= Beginning of Section =

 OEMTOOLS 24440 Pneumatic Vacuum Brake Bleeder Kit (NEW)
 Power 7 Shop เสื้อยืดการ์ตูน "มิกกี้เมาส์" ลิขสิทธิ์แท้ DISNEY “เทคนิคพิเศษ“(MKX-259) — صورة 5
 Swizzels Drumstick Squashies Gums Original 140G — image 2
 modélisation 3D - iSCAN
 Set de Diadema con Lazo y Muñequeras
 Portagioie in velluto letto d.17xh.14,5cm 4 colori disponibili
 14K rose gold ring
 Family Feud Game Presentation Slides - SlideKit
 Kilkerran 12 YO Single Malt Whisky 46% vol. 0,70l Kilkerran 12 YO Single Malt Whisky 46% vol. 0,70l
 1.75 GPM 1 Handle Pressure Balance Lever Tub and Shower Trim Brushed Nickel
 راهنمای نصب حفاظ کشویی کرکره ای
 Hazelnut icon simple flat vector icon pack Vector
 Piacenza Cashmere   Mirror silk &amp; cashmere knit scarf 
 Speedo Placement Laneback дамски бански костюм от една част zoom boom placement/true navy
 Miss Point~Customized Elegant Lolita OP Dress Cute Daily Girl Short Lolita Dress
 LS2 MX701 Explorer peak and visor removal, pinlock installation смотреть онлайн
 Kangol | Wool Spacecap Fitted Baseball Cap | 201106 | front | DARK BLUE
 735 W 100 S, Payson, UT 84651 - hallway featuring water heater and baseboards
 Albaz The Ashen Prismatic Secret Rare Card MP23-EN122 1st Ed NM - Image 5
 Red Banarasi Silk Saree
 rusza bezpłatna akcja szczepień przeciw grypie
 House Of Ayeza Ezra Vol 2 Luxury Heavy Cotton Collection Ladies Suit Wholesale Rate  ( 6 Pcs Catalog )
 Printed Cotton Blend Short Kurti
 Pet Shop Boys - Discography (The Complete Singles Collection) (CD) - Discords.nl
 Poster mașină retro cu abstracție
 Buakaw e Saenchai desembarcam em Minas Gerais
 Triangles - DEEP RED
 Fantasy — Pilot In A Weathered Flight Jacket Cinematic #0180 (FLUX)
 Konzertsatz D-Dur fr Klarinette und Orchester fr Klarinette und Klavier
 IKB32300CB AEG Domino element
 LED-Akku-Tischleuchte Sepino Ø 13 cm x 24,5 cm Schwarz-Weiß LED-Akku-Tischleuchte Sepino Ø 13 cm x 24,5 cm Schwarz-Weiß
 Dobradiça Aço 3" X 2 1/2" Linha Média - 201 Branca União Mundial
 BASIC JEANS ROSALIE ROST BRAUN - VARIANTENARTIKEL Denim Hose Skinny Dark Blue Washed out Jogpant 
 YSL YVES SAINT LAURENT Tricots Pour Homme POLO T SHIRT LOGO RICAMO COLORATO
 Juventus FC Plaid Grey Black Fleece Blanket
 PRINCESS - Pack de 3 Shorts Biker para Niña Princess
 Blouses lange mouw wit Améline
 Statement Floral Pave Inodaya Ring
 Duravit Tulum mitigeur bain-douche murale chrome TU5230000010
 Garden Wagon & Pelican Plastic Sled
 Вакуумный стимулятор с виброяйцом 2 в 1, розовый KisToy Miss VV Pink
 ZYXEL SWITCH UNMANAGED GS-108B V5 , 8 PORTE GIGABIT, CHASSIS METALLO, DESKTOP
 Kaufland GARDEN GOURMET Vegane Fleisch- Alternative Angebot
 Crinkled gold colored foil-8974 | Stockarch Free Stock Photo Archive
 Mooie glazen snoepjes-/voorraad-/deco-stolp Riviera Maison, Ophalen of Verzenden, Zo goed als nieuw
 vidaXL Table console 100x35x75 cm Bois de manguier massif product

= End of Section =

**Exercise goal:**
Your task is to quote the listing above word for word.

**Your response:**
 OEMTOOLS 24440 Pneumatic Vacuum Brake Bleeder Kit (NEW)
 Power 7 Shop เสื้อยืดการ์ตูน "มิกกี้เมาส์" ลิขสิทธิ์แท้ DISNEY “เทคนิคพิเศษ“(MKX-259) — صورة 5
 Swizzels Drumstick Squashies Gums Original 140G — image 2
 modélisation 3D - iSCAN
 Set de Diadema con Lazo y Muñequeras
 Portagioie in velluto letto d.17xh.14,5cm 4 colori disponibili
 14K rose gold ring
 Family Feud Game Presentation Slides - SlideKit
 Kilkerran 12 YO Single Malt Whisky 46% vol. 0,70l Kilkerran 12 YO Single Malt Whisky 46% vol. 0,70l
 1.75 GPM 1 Handle Pressure Balance Lever Tub and Shower Trim Brushed Nickel
 راهنمای نصب حفاظ کشویی کرکره ای
 Hazelnut icon simple flat vector icon pack Vector
 Piacenza Cashmere   Mirror silk &amp; cashmere knit scarf 
 Speedo Placement Laneback дамски бански костюм от една част zoom boom placement/true navy
 Miss Point~Customized Elegant Lolita OP Dress Cute Daily Girl Short Lolita Dress
 LS2 MX701 Explorer peak and visor removal, pinlock installation смотреть онлайн
 Kangol | Wool Spacecap Fitted Baseball Cap | 201106 | front | DARK BLUE
 735 W 100 S, Payson, UT 84651 - hallway featuring water heater and baseboards
 Albaz The Ashen Prismatic Secret Rare Card MP23-EN122 1st Ed NM - Image 5
 Red Banarasi Silk Saree
 rusza bezpłatna akcja szczepień przeciw grypie
 House Of Ayeza Ezra Vol 2 Luxury Heavy Cotton Collection Ladies Suit Wholesale Rate  ( 6 Pcs Catalog )
 Printed Cotton Blend Short Kurti
 Pet Shop Boys - Discography (The Complete Singles Collection) (CD) - Discords.nl
 Poster mașină retro cu abstracție
 Buakaw e Saenchai desembarcam em Minas Gerais
 Triangles - DEEP RED
 Fantasy — Pilot In A Weathered Flight Jacket Cinematic #0180 (FLUX)
 Konzertsatz D-Dur fr Klarinette und Orchester fr Klarinette und Klavier
 IKB32300CB AEG Domino element
 LED-Akku-Tischleuchte Sepino Ø 13 cm x 24,5 cm Schwarz-Weiß LED-Akku-Tischleuchte Sepino Ø 13 cm x 24,5 cm Schwarz-Weiß
 Dobradiça Aço 3" X 2 1/2" Linha Média - 201 Branca União Mundial
 BASIC JEANS ROSALIE ROST BRAUN - VARIANTENARTIKEL Denim Hose Skinny Dark Blue Washed out Jogpant 
 YSL YVES SAINT LAURENT Tricots Pour Homme POLO T SHIRT LOGO RICAMO COLORATO
 Juventus FC Plaid Grey Black Fleece Blanket
 PRINCESS - Pack de 3 Shorts Biker para Niña Princess
 Blouses lange mouw wit Améline
 Statement Floral Pave Inodaya Ring
 Duravit Tulum mitigeur bain-douche murale chrome TU5230000010
 Garden Wagon & Pelican Plastic Sled
 Вакуумный стимулятор с виброяйцом 2 в 1, розовый KisToy Miss VV Pink
 ZYXEL SWITCH UNMANAGED GS-108B V5 , 8 PORTE GIGABIT, CHASSIS METALLO, DESKTOP
 Kaufland GARDEN GOURMET Vegane Fleisch- Alternative Angebot
 Crinkled gold colored foil-8974 | Stockarch Free Stock Photo Archive
 Mooie glazen snoepjes-/voorraad-/deco-stolp Riviera Maison, Ophalen of Verzenden, Zo goed als nieuw
 vidaXL Table console 100x35x75 cm Bois de manguier massif product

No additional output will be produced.